The Replacements Let It Be on LP
Twin/Tone Era LPs Are Available Again After Being Out of Print for Over 20 Years!
Along with Prince and Hüsker Dü, The Replacements put Minneapolis on the rock map in the 1980s. Among America's greatest alternative acts of all-time, the 'Mats rose from chaotic noise-makers to polished craftsmen, leaving at least three unqualified masterpieces in their wake. In a perfect world, Let It Be, Tim, and Pleased To Meet Me would have all gone platinum - but then again, endearing imperfection was always a hallmark of this band's music.

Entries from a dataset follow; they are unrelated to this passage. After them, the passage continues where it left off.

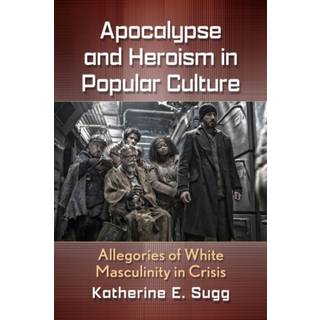 Apocalypse and Heroism in Popular Culture
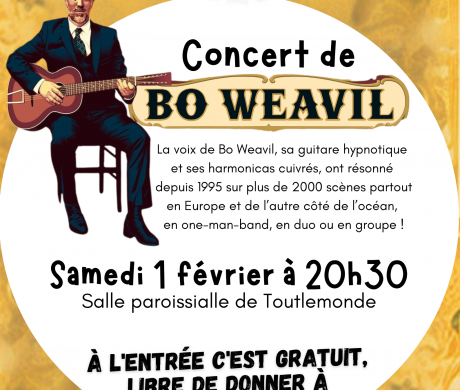 Concert Bo Weavil. Pensez à réserver. 100 places disponibles uniquement.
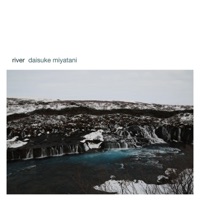 River - Single - Daisuke Miyatani
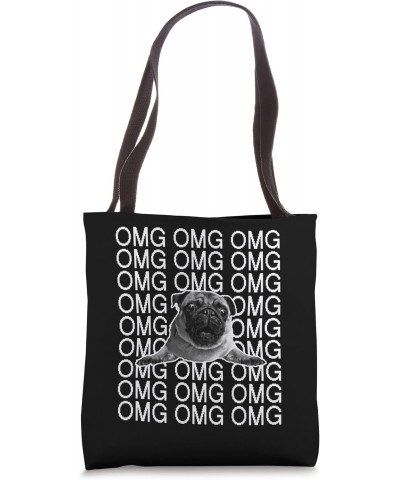 Funny Pug oh my pug funny pug reaction Tote Bag $17.40 Totes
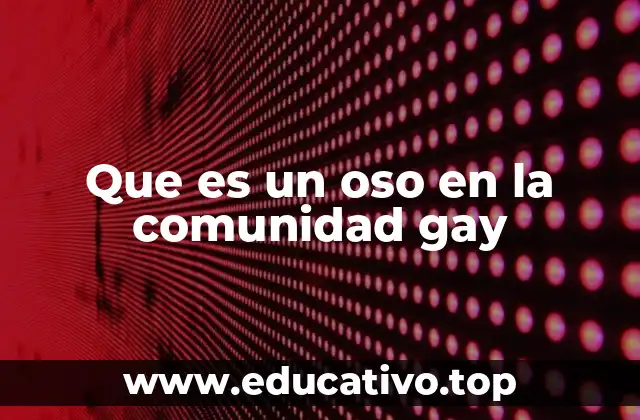 Que es un oso en la comunidad gay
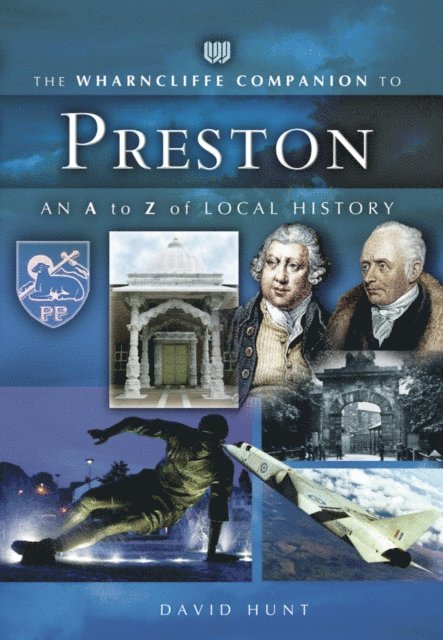 David Hunt - Wharncliffe Companion to Preston, E-bok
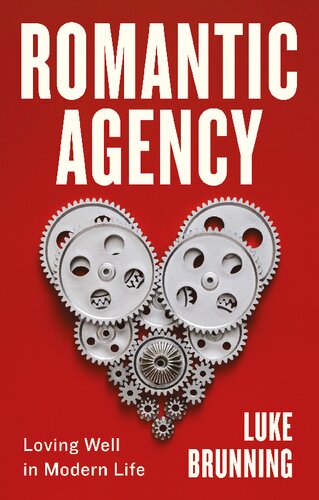 Romantic Agency: Loving Well in Modern Life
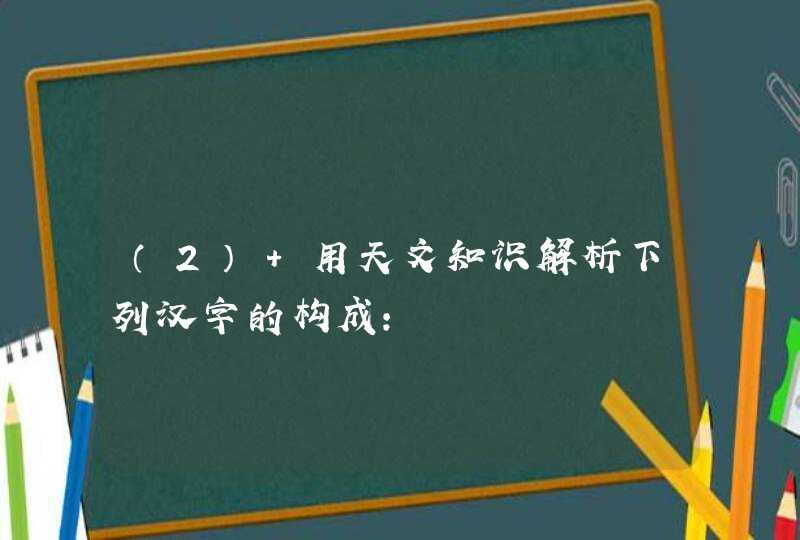 （2） 用天文知识解析下列汉字的构成：,第1张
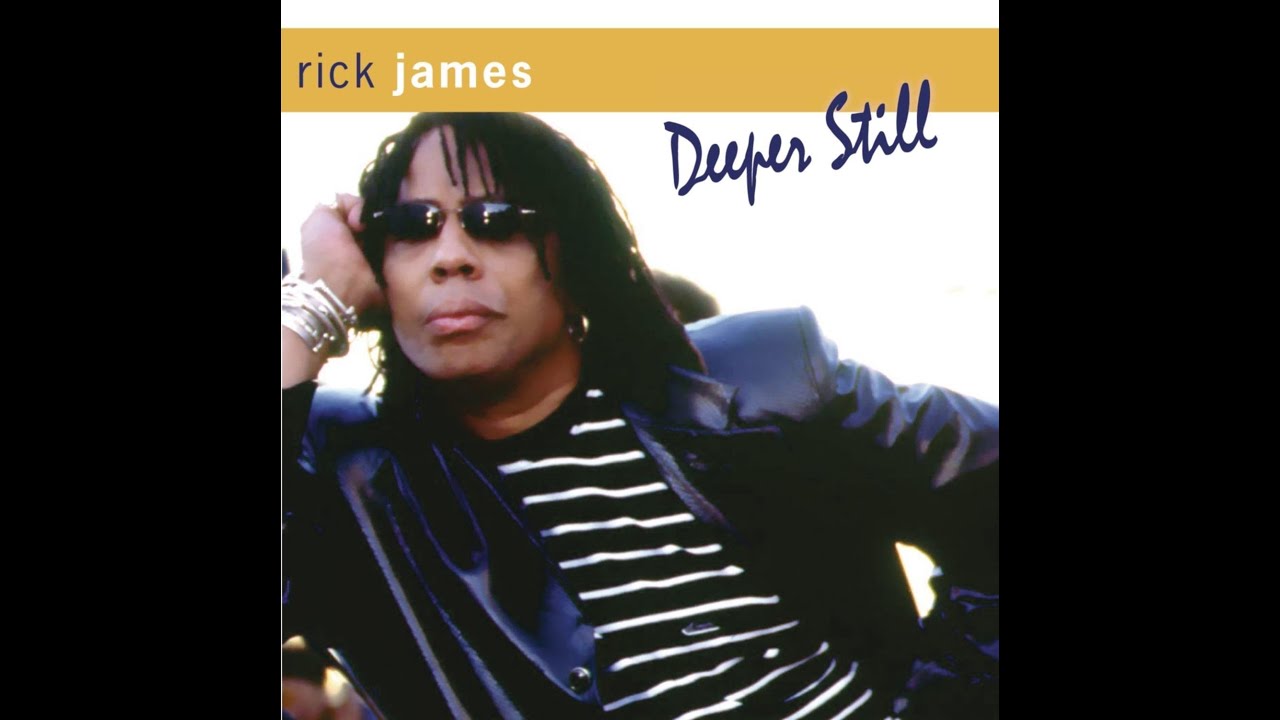Rick James - Deeper Still (2007) Full Album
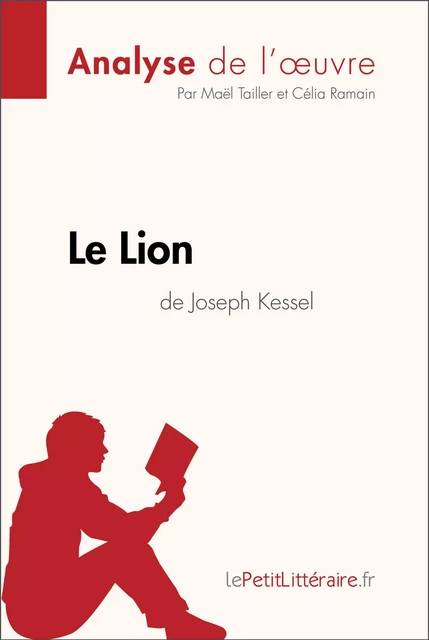 Le Lion de Joseph Kessel (Analyse de l'oeuvre) -  lePetitLitteraire, Maël Tailler, Célia Ramain - lePetitLitteraire.fr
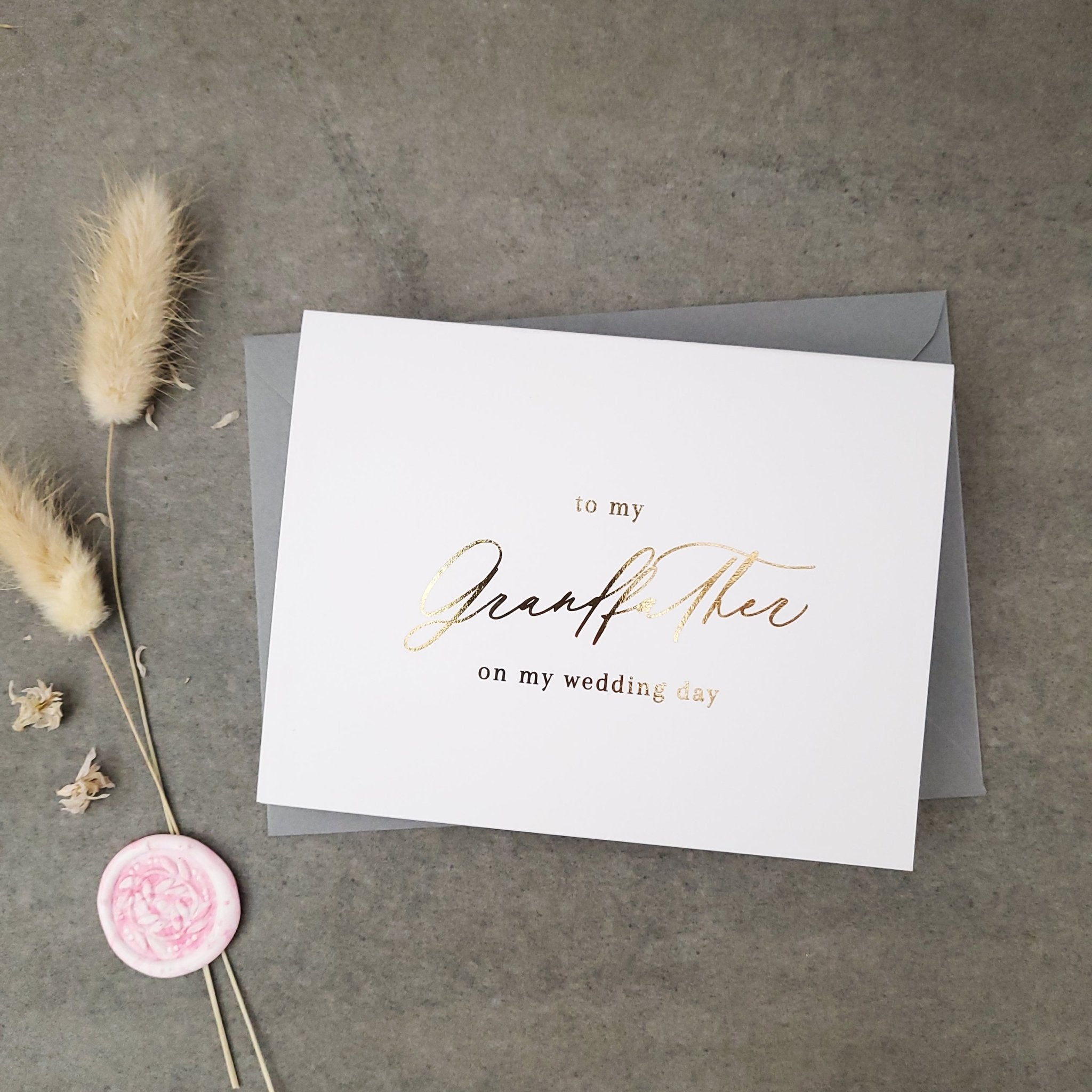 To my Grandfather on my Wedding Day Gold Calligraphy Cards - XOXOKristen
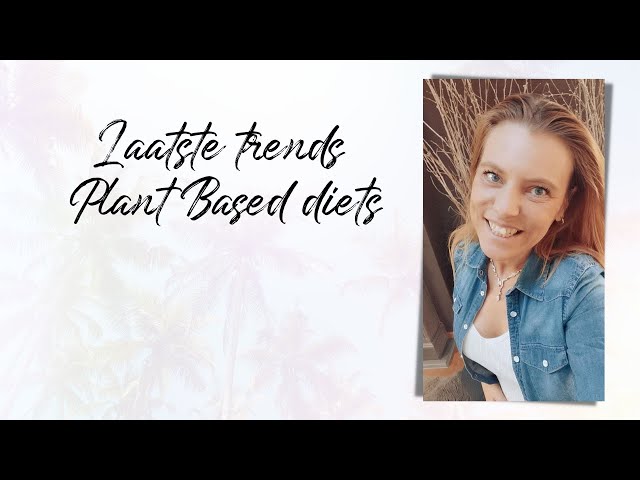 Laatste trends rond Plant Based diets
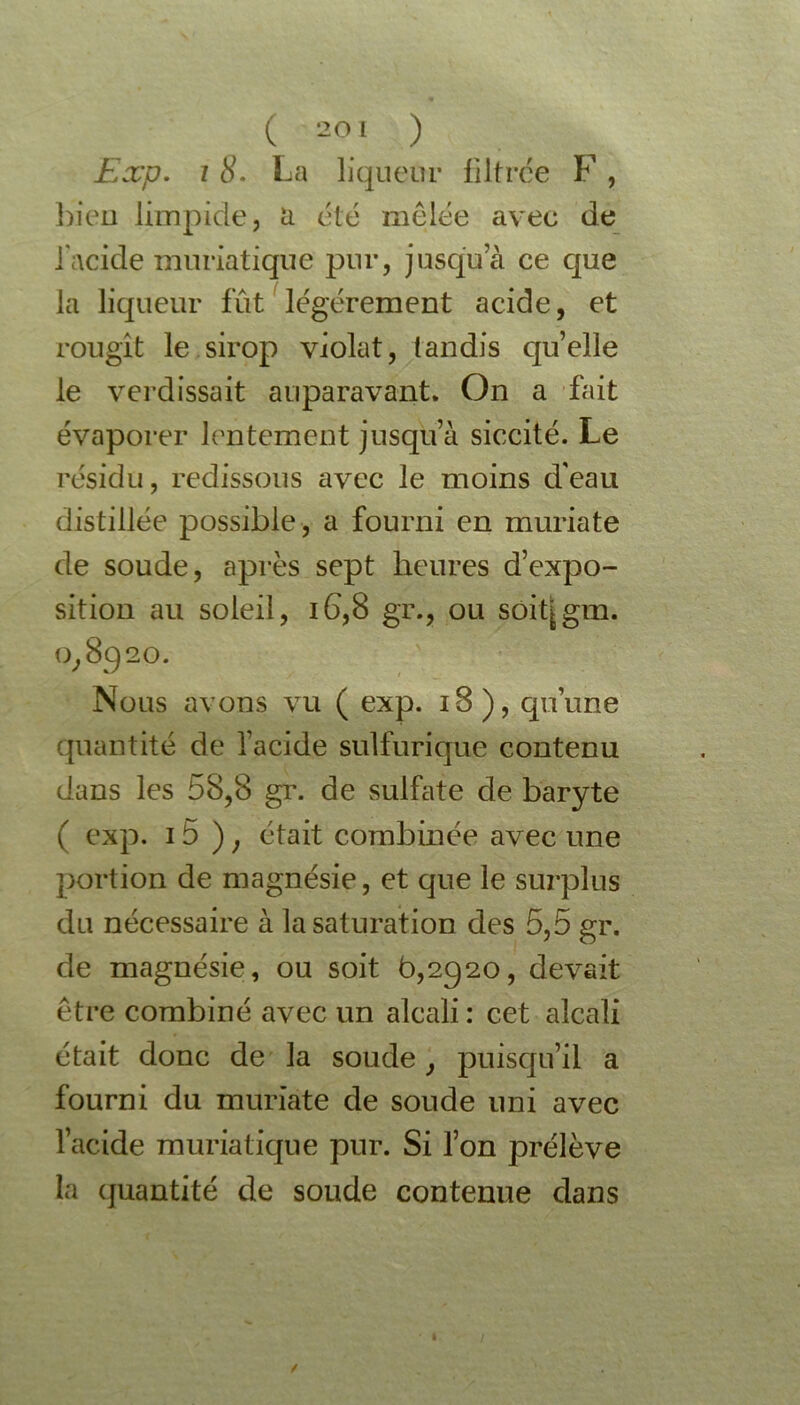 Exp. 18. La liqueur filtrée F , bien limpide, a été mêlée avec de l'acide muriatique pur, jusqua ce que la liqueur fut légèrement acide, et rougit le sirop violât, tandis qu’elle le verdissait auparavant. On a fait évaporer lentement jusqu’à siccité. Le résidu, redissous avec le moins d'eau distillée possible, a fourni en muriate de soude, après sept heures d’expo- sition au soleil, 16,8 gr., ou soitjgm. o, 8920. Nous avons vu ( exp. 18), qu’une quantité de l’acide sulfurique contenu dans les 58,8 gr. de sulfate de baryte ( exp. 15 ) ; était combinée avec une portion de magnésie, et que le surplus du nécessaire à la saturation des 5,5 gr. de magnésie, ou soit 6,2920, devait être combiné avec un alcali : cet alcali était donc de la soude, puisqu’il a fourni du muriate de soude uni avec l’acide muriatique pur. Si l’on prélève la quantité de soude contenue dans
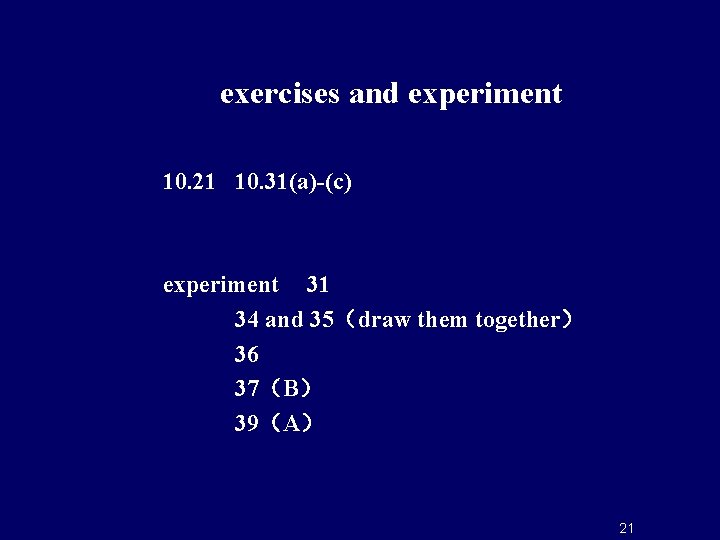 exercises and experiment 10. 21 10. 31(a)-(c) experiment 31 34 and 35（draw them together）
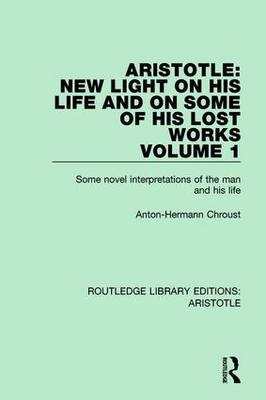 Aristotle: New Light on His Life and On Some of His Lost Works, Volume 1 -  Anton-Hermann Chroust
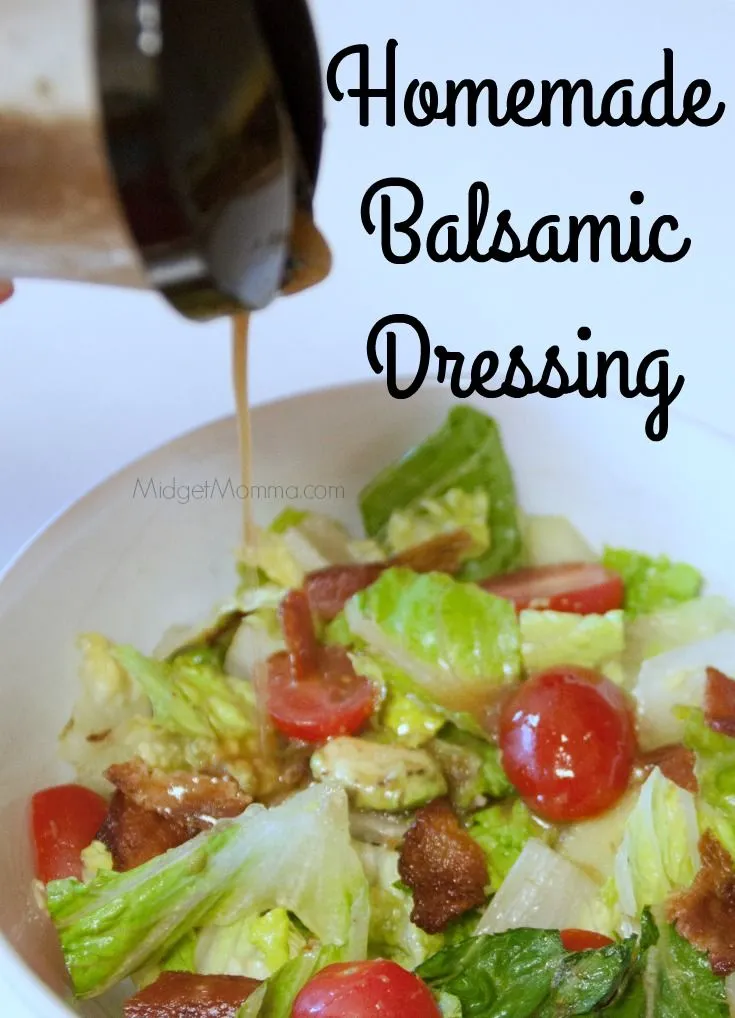 Easy to Make Homemade Balsamic Dressing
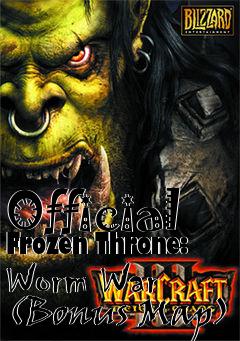 Box art for Official Frozen Throne: Worm War (Bonus Map)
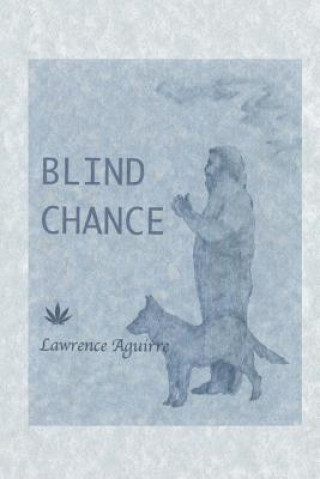 Book Blind Chance Lawrence Aguirre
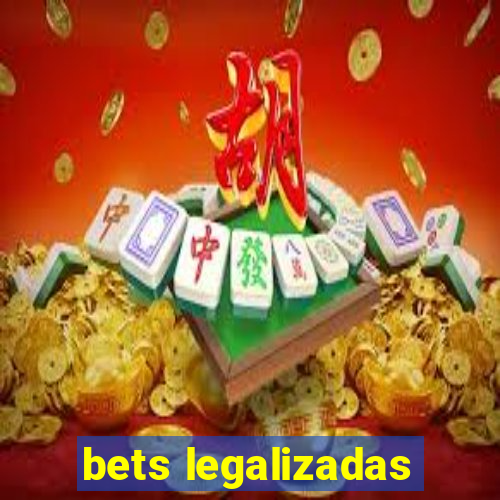 bets legalizadas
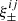 $ \xi^{ij}_\pm $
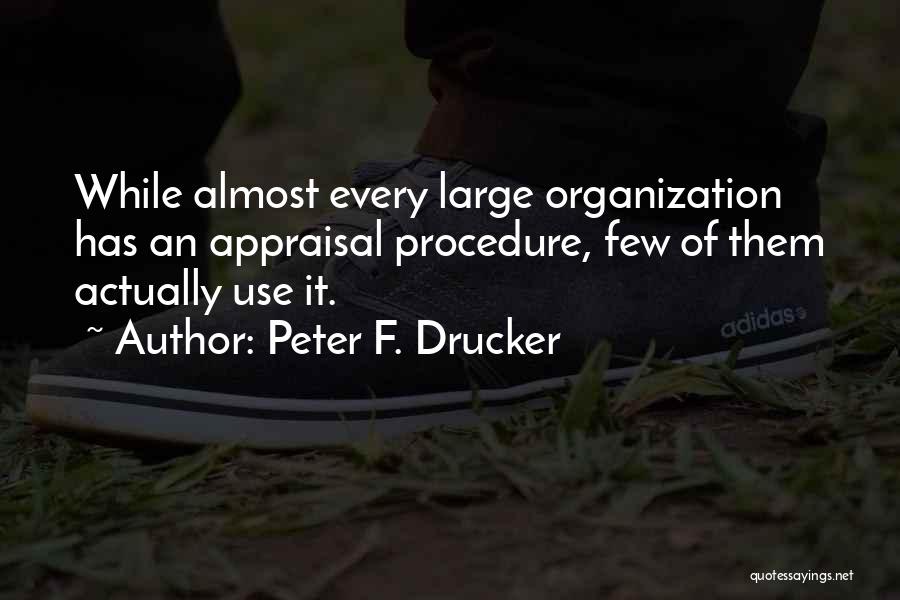 Peter F. Drucker Quotes: While Almost Every Large Organization Has An Appraisal Procedure, Few Of Them Actually Use It.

The 'Mats formed in the wake of the punk explosion of the late 1970s. Their anarchic stage shows had earned them considerable notoriety in local clubs. Indie label Twin/Tone took note and signed the quartet, and their first album, Sorry Ma, Forgot To Take Out The Trash was issued in 1981. That record and the Stink EP that followed the next year were both pretty much standard-issue hardcore thrash. These early efforts careen wildly between competing tendencies toward indelible genius and drunken abandon, yet are essential just the same. With 1983's Hootenanny, however, audiences began to really take notice of the songs beneath all the sound and fury; "Color Me Impressed" had exactly that effect on discerning rock listeners.
By 1984's Let It Be, The Replacements' exponential growth as musicians – and most particularly, Paul Westerberg's growth as a writer – was undeniable. Let It Be boasts the epic foursome of "I Will Dare," "Favorite Thing," "Unsatisfied," and "Answering Machine" alongside the Kiss cover ("Black Diamond") and a tribute to Ted Nugent ("Gary's Got a Boner"). The album topped critic's polls across the country and earned the group a place on the roster at Sire Records.